How has Rails Made Me a Better Programmer
First and foremost, I'd say Ruby on Rails has improved my programming skills simply by helping me to rediscover the love of the craft. I've been programming off and on since I was about 10, and using my parents TRS-80. Then, somewhere shortly after college, I lost the love for programming. I partially attribute it to programming on command for years at college, and suddenly not having that. I didn't know what to do. Then, this year, I discovered RoR while looking for a good tool to build a new web store front. I started out looking at Java frameworks, because I knew the language. But this "Rails" thing kept coming up. So I started reading up. Next thing I know, I'm building some simple Ruby applications to get my feet wet, and ordering the new PDF version of the "Agile Web Development with Ruby on Rails" book. As I started getting comfortable with the language and the framework, I was spending more and more time programming. Now, six months later, I'm almost ready to roll out my first real application to the world. And I've been loving every minute I spend on it.

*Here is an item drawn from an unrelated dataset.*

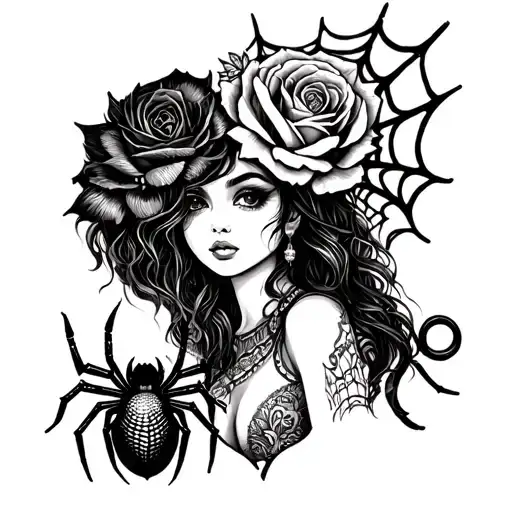Girl Chicano with Rosa and Spider lets the web tattoo design idea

Secondly, Rails is my first introduction to a good framework. Before that, the closest I had come was Java's Swing. Don't get me wrong, I loved the thrill of building a compiler in C while I was in college. But I'd always been daunted by the scope of building any type of large scale application. Especially one with any kind of GUI. I'd tried building GUI applications for Windows using Borland C++ 5, and quickly learned what a mess the Windows APIs could be. Java with Swing was good for GUIs, but still a pain. But building a Rails application is a completely different animal. Within hours of starting the actual programming work, I had something I could interact with, and actually did something. And that was the moment when I realized just what a good framework can do for you.
Now, after both of those realizations, I'm moving ever onwards and upwards. I have software related project ideas floating around my head that were never there before. Some of them are for Rails, but I'm also interested in learning Objective-C and the Cocoa framework now. I've been a fan of Apple for most of my life, and now I get to, the masses willing, add to that experience.
And if something that expandds your horizons, and re-introduces you to your lost love of the craft, doesn't make you better at programming, I don't know what would.